Each queue's requests are inserted into the hctx's dispatch list under a
spinlock, then __blk_mq_sched_dispatch_requests() takes them out of the
dispatch list (taking the spinlock again), and finally
blk_mq_dispatch_rq_list() calls ->queue_rq() on each request.
Acquiring the hctx spinlock twice and calling ->queue_rq() instead of
->queue_rqs() makes the slow path significantly more expensive. Thus,
batching more requests into a single plug (e.g. io_uring_enter syscall)
can counterintuitively hurt performance by causing the plug to span
multiple queues. We have observed 2-3% of CPU time spent acquiring the
hctx spinlock alone on workloads issuing requests to multiple NVMe
devices in the same io_uring SQE batches.

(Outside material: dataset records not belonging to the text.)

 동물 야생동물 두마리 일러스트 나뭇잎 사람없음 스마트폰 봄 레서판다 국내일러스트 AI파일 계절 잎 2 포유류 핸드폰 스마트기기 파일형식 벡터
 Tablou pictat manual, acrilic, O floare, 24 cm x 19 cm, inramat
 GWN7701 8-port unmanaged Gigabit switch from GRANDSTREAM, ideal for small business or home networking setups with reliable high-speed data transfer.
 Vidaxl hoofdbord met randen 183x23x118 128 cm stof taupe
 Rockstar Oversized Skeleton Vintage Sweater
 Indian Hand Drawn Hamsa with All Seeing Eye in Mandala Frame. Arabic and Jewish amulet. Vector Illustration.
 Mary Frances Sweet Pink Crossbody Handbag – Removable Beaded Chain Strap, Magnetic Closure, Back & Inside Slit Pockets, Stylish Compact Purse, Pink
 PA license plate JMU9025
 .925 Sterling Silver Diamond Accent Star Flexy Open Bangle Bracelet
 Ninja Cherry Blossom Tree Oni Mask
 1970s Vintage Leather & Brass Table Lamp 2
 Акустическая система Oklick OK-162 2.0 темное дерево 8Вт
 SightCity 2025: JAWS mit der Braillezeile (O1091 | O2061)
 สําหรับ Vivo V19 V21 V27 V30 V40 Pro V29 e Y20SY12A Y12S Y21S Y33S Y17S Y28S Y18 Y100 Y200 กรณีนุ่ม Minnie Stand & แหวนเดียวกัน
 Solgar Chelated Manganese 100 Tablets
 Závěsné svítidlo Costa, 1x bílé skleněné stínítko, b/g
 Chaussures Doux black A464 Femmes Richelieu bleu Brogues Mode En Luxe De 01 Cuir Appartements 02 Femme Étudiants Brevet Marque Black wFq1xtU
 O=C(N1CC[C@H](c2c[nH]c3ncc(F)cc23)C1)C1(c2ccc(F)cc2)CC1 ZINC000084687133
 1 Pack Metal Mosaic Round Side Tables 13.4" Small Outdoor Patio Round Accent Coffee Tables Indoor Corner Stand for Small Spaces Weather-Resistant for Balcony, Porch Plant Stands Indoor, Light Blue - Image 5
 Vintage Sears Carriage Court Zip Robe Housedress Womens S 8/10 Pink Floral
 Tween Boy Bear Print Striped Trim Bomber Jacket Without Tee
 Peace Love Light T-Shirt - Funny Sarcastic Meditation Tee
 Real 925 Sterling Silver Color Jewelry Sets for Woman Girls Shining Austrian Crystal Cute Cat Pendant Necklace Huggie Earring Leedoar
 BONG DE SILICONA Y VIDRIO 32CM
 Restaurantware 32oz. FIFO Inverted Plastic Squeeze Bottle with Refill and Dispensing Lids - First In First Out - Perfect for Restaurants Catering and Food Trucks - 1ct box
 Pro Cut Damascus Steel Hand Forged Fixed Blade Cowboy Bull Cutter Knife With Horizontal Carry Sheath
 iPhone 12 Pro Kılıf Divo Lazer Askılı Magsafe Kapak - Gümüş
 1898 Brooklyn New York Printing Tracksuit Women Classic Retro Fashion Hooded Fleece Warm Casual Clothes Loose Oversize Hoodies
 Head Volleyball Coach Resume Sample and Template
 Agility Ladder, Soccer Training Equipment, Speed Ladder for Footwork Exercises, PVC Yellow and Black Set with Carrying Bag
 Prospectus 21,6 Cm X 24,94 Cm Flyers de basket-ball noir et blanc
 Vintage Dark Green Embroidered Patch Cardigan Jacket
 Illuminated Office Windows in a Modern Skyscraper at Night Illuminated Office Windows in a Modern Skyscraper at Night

Add a medium path in blk_mq_flush_plug_list() for plugs that don't have
elevators or come from a schedule, but do span multiple queues. Filter
the requests by queue and call ->queue_rqs()/->queue_rq() on the list of
requests destined to each request_queue.
With this change, we no longer see any CPU time spent in _raw_spin_lock
from blk_mq_flush_plug_list and throughput increases accordingly.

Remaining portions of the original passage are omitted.